DATA EXTRACT =>
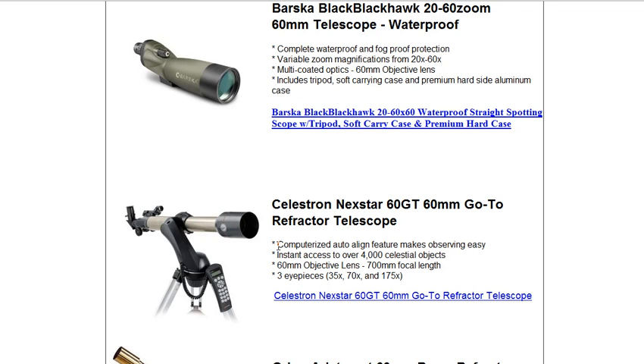You can have terrific views of the moon, see hundreds of craters and other lunar landscapes. With this scope, you can also see Jupiter and at least two or three of its cloud belts and also its four moons, and compare them from night to night and see how they shift around the planet in its orbit.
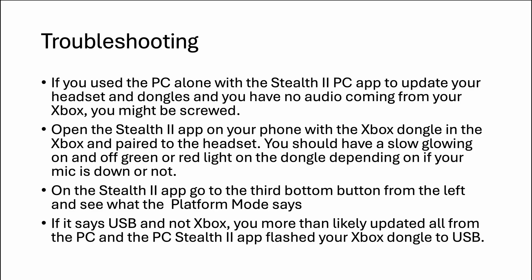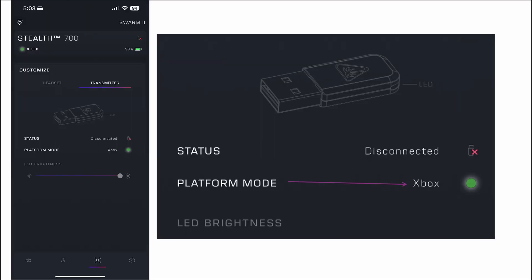Troubleshooting: if you started off by updating on the PC with both dongles plugged into the PC, you might have a problem — this is where I went wrong. I was following the directions on the PC app, plugged them both in, and then when I unplugged the Xbox dongle and plugged it into the Xbox, the Xbox didn't detect a headset. It did pair, but there was no audio coming from the Xbox at all — no matter what you did you weren't going to get audio. I got audio from the PC and from Bluetooth, but not the Xbox.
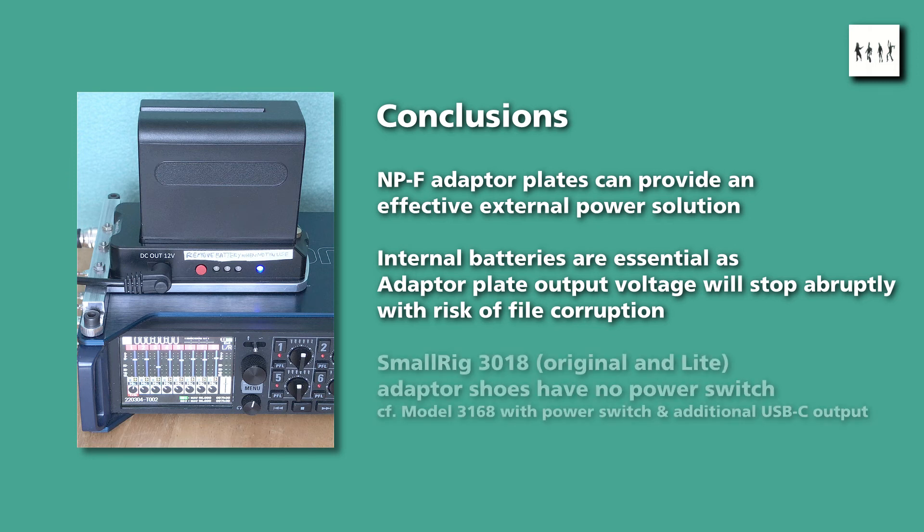And thirdly, the inverter circuitry in the older 3018 model SmallRig adapter plates runs continuously as long as a battery is connected. This requires the battery to be removed when the recorder is not being used, to avoid running the batteries flat. It's worth noting that the newer SmallRig 3168 adapter does have a power off function and also provides an additional USB-C power output, so that's probably the best buy for the future.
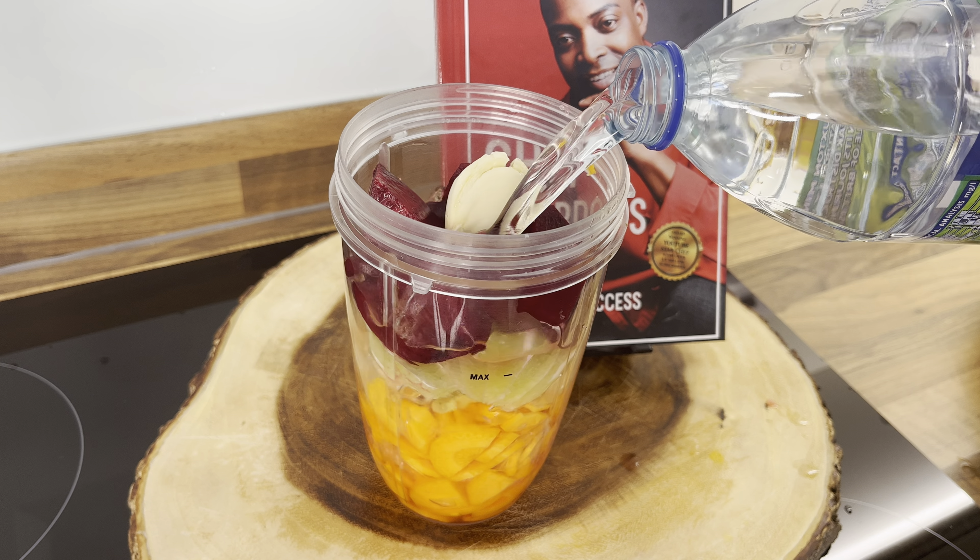While I'm blending, feel free to jump over to Amazon and get yourself a copy of the book to support Chef Ricardo. If you don't want to buy a copy, you don't have to — just make this drink at home and be happy. I've been giving out free recipes for half a century, so it's time for you guys to support me if you want to.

WHAT YOU ARE ASKED TO DO => Could you reproduce the data above exactly, without its pictures?

RESULT BELOW =>
You can have terrific views of the moon, see hundreds of craters and other lunar landscapes. With this scope, you can also see Jupiter and at least two or three of its cloud belts and also its four moons, and compare them from night to night and see how they shift around the planet in its orbit.
Troubleshooting: if you started off by updating on the PC with both dongles plugged into the PC, you might have a problem — this is where I went wrong. I was following the directions on the PC app, plugged them both in, and then when I unplugged the Xbox dongle and plugged it into the Xbox, the Xbox didn't detect a headset. It did pair, but there was no audio coming from the Xbox at all — no matter what you did you weren't going to get audio. I got audio from the PC and from Bluetooth, but not the Xbox.
And thirdly, the inverter circuitry in the older 3018 model SmallRig adapter plates runs continuously as long as a battery is connected. This requires the battery to be removed when the recorder is not being used, to avoid running the batteries flat. It's worth noting that the newer SmallRig 3168 adapter does have a power off function and also provides an additional USB-C power output, so that's probably the best buy for the future.
While I'm blending, feel free to jump over to Amazon and get yourself a copy of the book to support Chef Ricardo. If you don't want to buy a copy, you don't have to — just make this drink at home and be happy. I've been giving out free recipes for half a century, so it's time for you guys to support me if you want to.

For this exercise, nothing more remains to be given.